### Task requirements
This exercise calls for the data below to be retyped exactly, minus any images.

═══ Exercise data

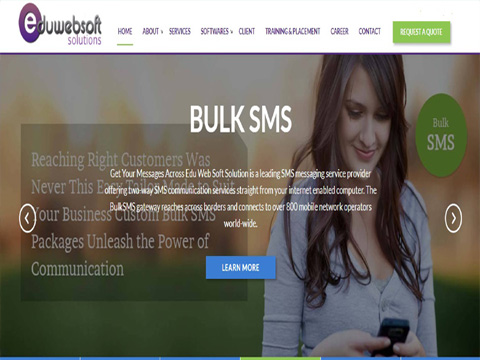 web development in bhubaneswar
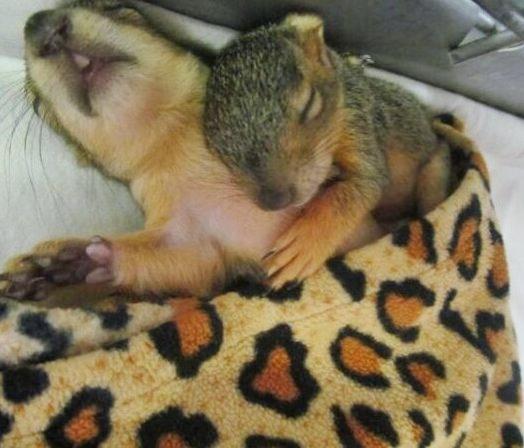 Tú y yo así, todas las noches de nuestras vidas.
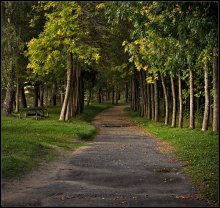 Spaziergang im Park ... / _________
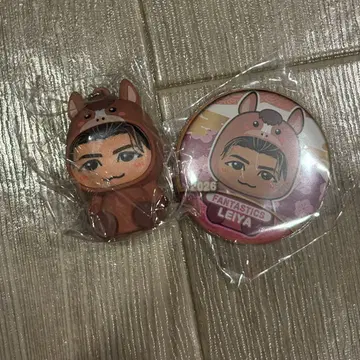 FANTASTICS 세구치 레이야 인형옷 키링 캔 배지 세트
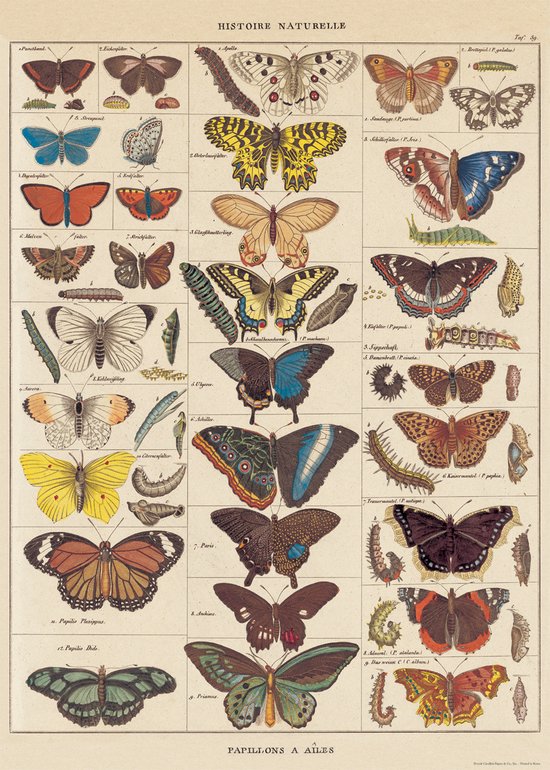 Planche d'école avec diverses espèces de papillons en détail, y compris Papilio Plexippus et Papilio Dide, avec des noms latins et allemands.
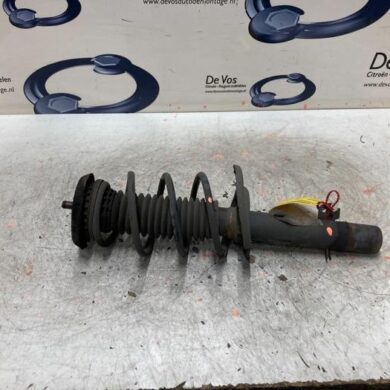 Peugeot 208  Front shock absorber rod, left 2014 9803128080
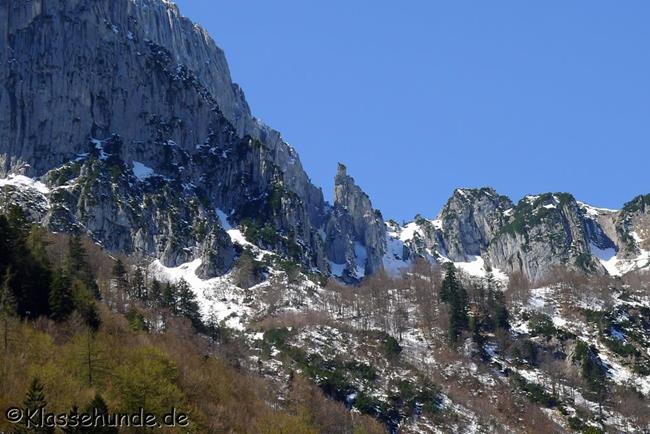 Walchsee Mai16 0049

══════

### Finished exercise
 web development in bhubaneswar
 Tú y yo así, todas las noches de nuestras vidas.
 Spaziergang im Park ... / _________
 FANTASTICS 세구치 레이야 인형옷 키링 캔 배지 세트
 Planche d'école avec diverses espèces de papillons en détail, y compris Papilio Plexippus et Papilio Dide, avec des noms latins et allemands.
 Peugeot 208  Front shock absorber rod, left 2014 9803128080
 Walchsee Mai16 0049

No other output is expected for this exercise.